Noted writer Leigh Brackett (The Empire Strikes Back, Rio Bravo), who wrote the screenplay for a previous Philip Marlowe film, 1942's The Big Sleep, returns to fine form in this other outing that is set in the present day (1973 here).  Director Altman (Brewster McCloud, Short Cuts) would sign on to the project after hearing that Elliott Gould was attached, although only under the condition that Brackett's controversial ending, which differs significantly from Chandler's original novel, be kept as is.  Altman's take greatly streamlines the original work, jettisoning out many of the supporting characters, making the film more about Marlowe's strange odyssey into the current hippie-dippy, health-crazed California climate, searching for his soul in an era that seemingly had no use for a decaying, chain-smoking misanthrope.  This streamlining also allows Altman to beef up the characterizations, with many interesting character touches that add a sense of realism and a touch of (paradoxically) comic sadness to the film that makes it a perplexing and alluring work even to this day.

Gould's career slump, bad marketing, and mediocre reviews didn't help the film's popularity, as The Long Goodbye was given a limited release, only performing well in New York with a different ad campaign.  Not many were in tune with the revisionist Philip Marlowe, making him appear as a disconnected slob who sleepwalks though life without any ability to make sense of his surroundings, not caring about politics, the state of the world, or even the wrongs that may be done upon him as a person (his catchphrase throughout the film is, "That's OK with me").  As the film draws closer to the end, he does manage to wake up to what's really going on, taking action in a way that seems out of place with Marlowe's character, not only in Chandler's books and previous films based on them, but throughout the film itself. 

As the years progressed, The Long Goodbye had started to become a bit of a cult film, and today, it's widely regarded as one of Altman's gems.  It does help to come into the film expecting a biting satire, not only of detective fiction, but also the world of Holly-weird, with all of the motley characters and decrepit morality that exists in Tinseltown.  You can say what you like about the film's lack of adherence to source material, but you'd be hard-pressed to find another film quite like it, with a refreshingly lackadaisical pace and cynical attitude, along with underlying themes about loyalty and betrayal that cut to the heart of how the country was turning its back on the people, and its people to the country, leaving them to have to do for self in this society.  Marlowe snaps out of his slumber to the realization that even he is being used, his loyalties compromising everything he is, and it's not the kind of world he is ready to live in. 

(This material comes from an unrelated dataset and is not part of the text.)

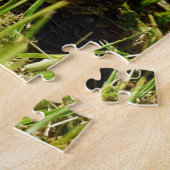 草の中を青い舌のトカゲが這っている ジグソーパズル (側面)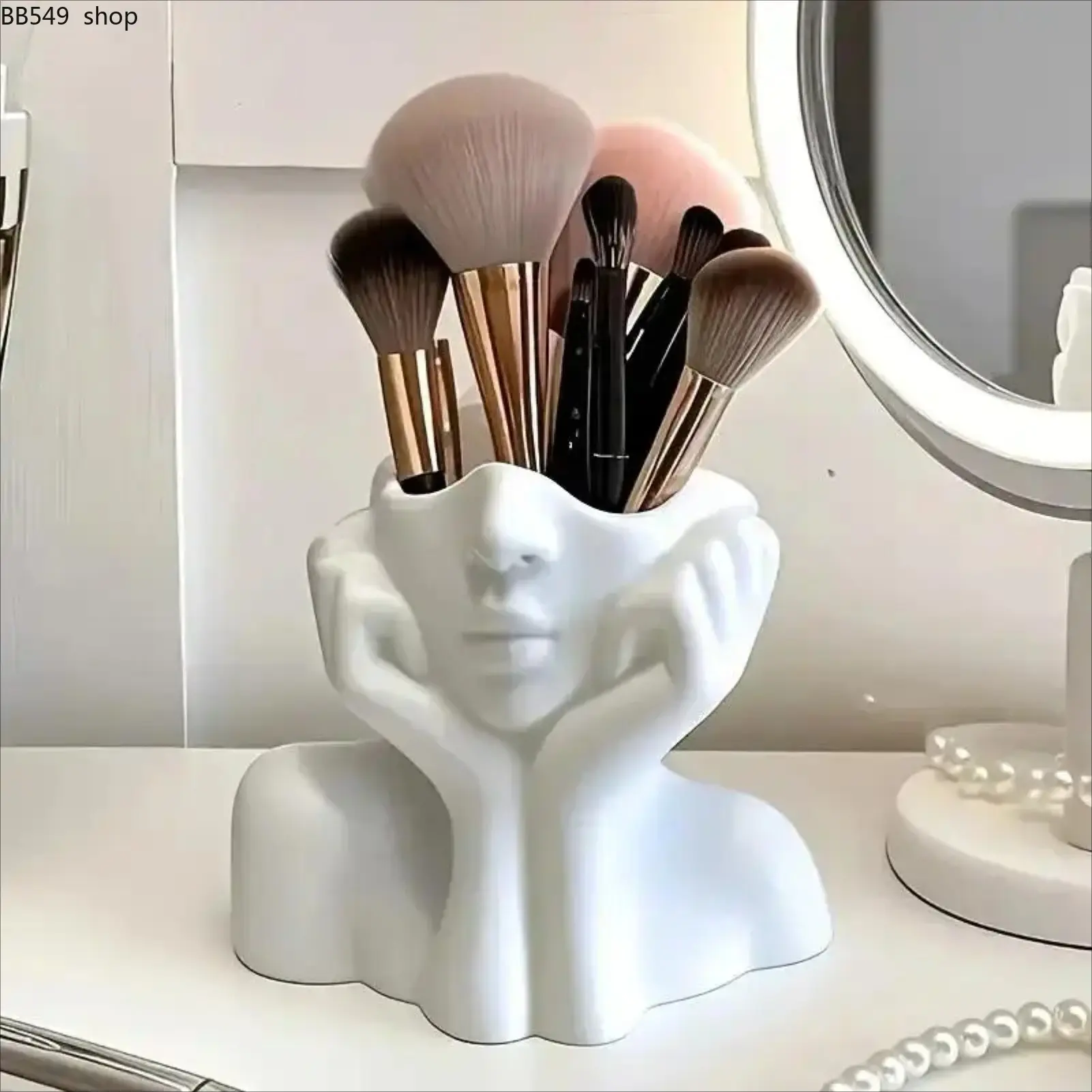 Cute Face-Shaped Makeup Brush Holder Organizer, Plastic Cosmetic Storage Rack, No-Assembly Desktop Vanity Organizer for Brushes & Beauty Tools, Compact Decorative Makeup Storage Case for Bedroom & Dressing Table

The Long Goodbye is recommended to lovers of Altman, Gould, quirky films of the 1970s, and fans of Chandler who are open-minded in seeing a very different take on the typical hard-boiled noir version that had previously been set in stone.  It's a sentimental commentary that simultaneously deconstructs the crime novel and the Hollywood of the past that relished such gumshoe tales, bringing them forward to a new era, where morality and the lines between what's right and wrong have forever been blurred. 

Altman would continue to use contemporary attitudes to challenge once-vaunted forms of storytelling throughout his career, and The Long Goodbye represents his most bleak commentary on how current-day attitudes signal the death of the old Hollywood, with the final scene every bit the kind of thing that could never be done in the old days of the Production Code, where the good guys could only do good and the bad guys were always defeated in the end.  The Code was lifted in 1967, and everything that had come before eroded into moral ambiguity and a sense that justice was never quite served, corresponding to the prevailing atmosphere in the country at the time. 

Misunderstood at the time of its release, but now seen by many as one of the great films of its era, including myself; The Long Goodbye is much more than OK with me.